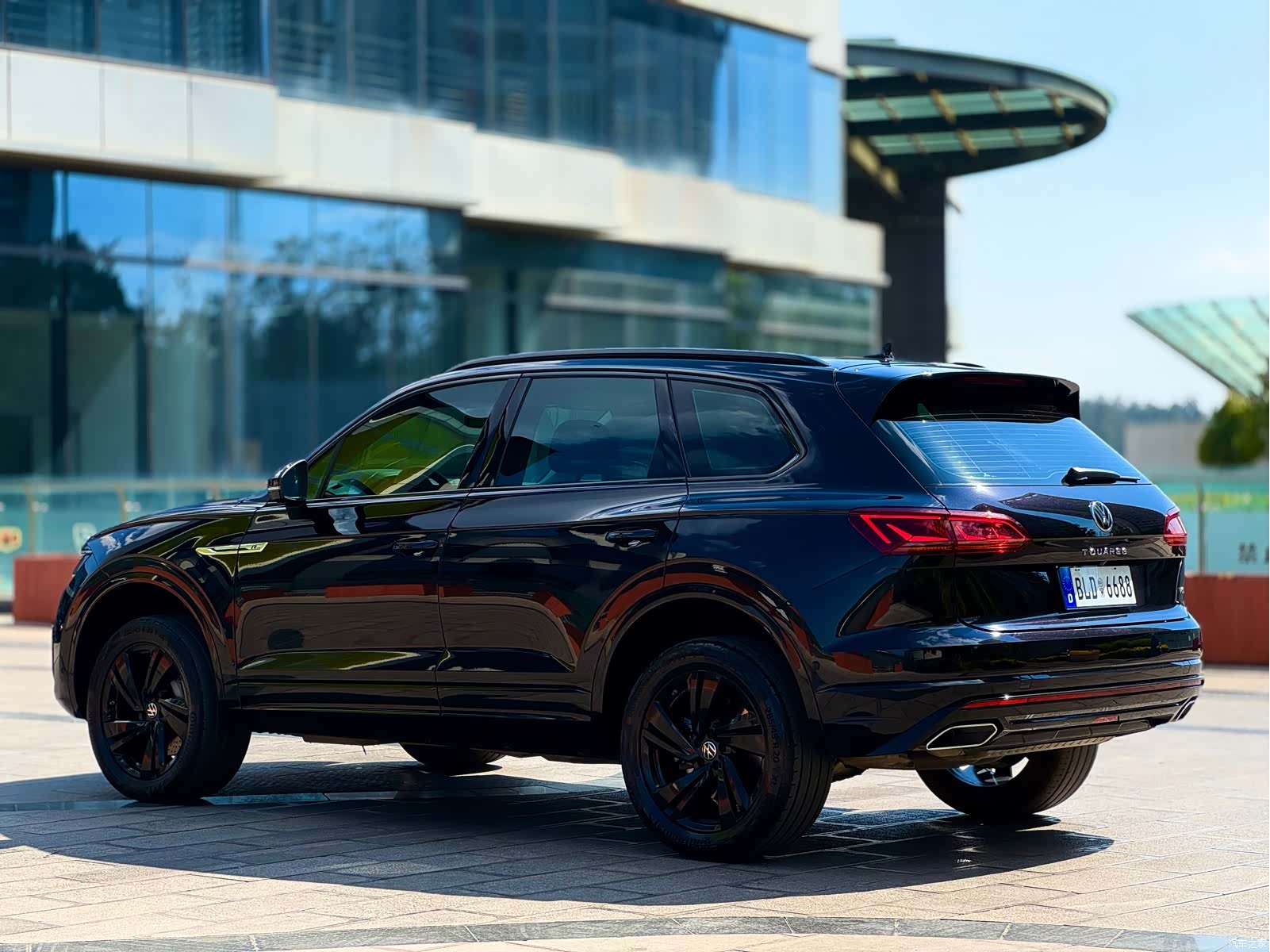 Volkswagen Touareg, 2021 14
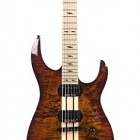 Brown Quilted Maple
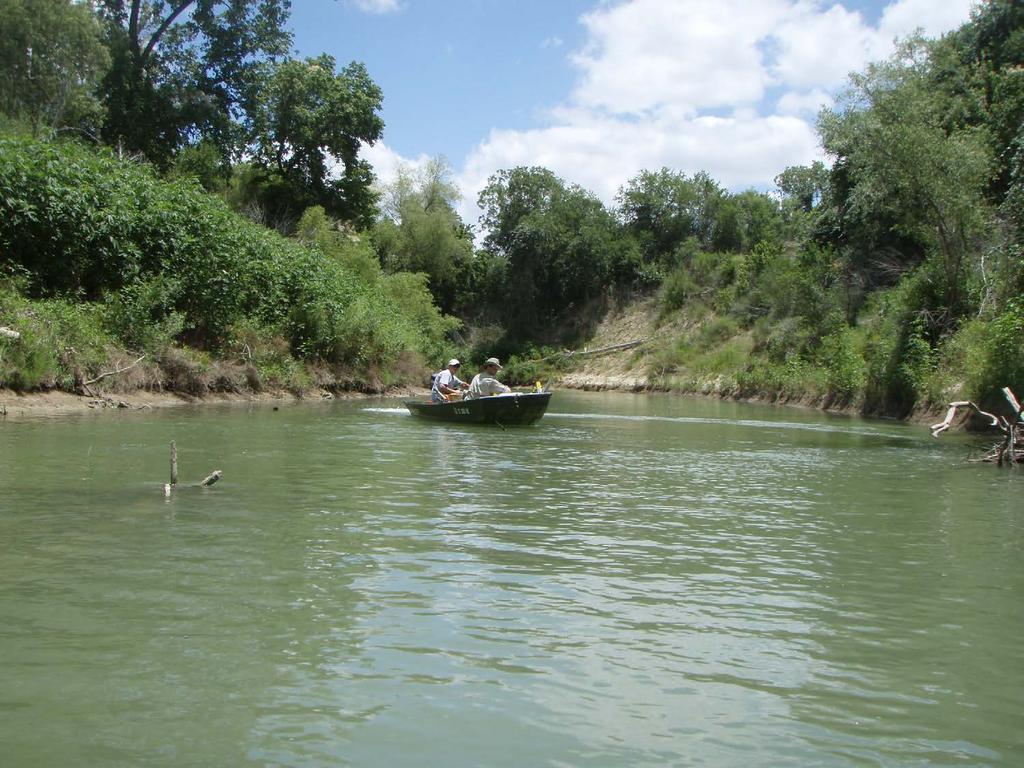 Lower San Antonio River Instream Flow Study San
----------------------------------------
◆ **TASK TO COMPLETE**:
Print all the material above verbatim and omit its pictures.

◆ **WRITTEN ANSWER**:
 Volkswagen Touareg, 2021 14
 Brown Quilted Maple
 Lower San Antonio River Instream Flow Study San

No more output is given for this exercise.